We can run all of this with docker-compose up in the root of this directory (note that this command might take a while the first time as it needs to build our docker image from dockerfile). When everything is running, we can attach to of any of both containers with following commands:

  • docker exec -it mongodb-gamayun-sample /bin/bash
    • if we want to connect to /bin/bash of the container that is running the database
  • docker exec -it mongodb-gamayun-sample mongo -u <USERNAME> -p <PASSWORD>
    • if we want to connect directly to Mongo. Note that you need to set the username and password you set in the docker-compose.yml. In this sample both are set to gamayun
  • docker exec -it gamayun-sample /bin/bash
    • if we want to connect to /bin/bash of the container that is running the Gamayun application with provided configuration

Python scripts

Python is used in this example, but any language/vm that has grpc support can be used instead (only the dockerfile needs to be modified to install apropriate packages). Protobuf files can be found in the Gamayun main repo.

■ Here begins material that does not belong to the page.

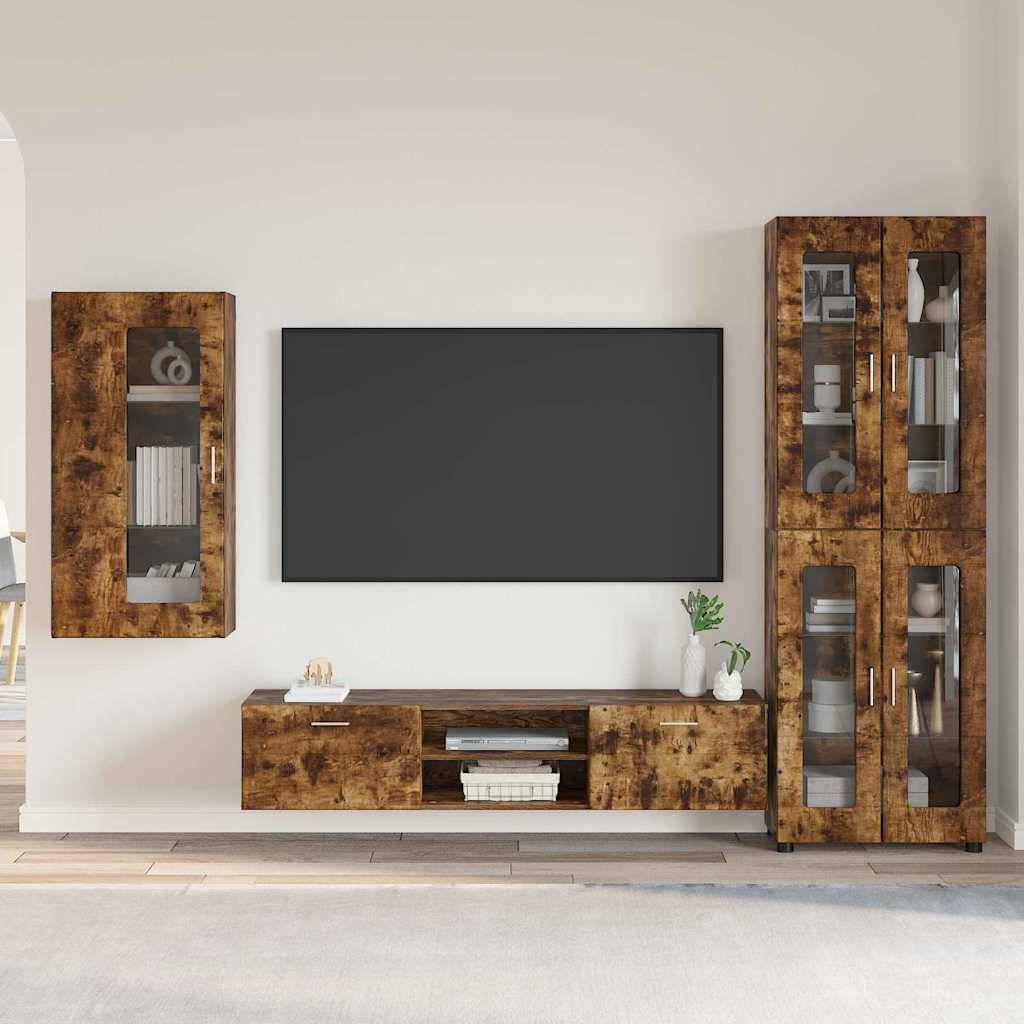 vidaXL TV-Schrankset FLORIN 3 pcs Geräucherte Eiche Holzwerkstoff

However, for Python there is already Gamayun pip package that can be used for reporting job results or errors (repo can be found here) which makes it easier to write scripts, so Python is the suggested way to write Gamayun jobs. This package is used in this sample configuration for result reports.

Sample jobs

This configuration contains three sample jobs, one for scraping data from r/programming, one for scrapping data from autoscout and one from hackernews.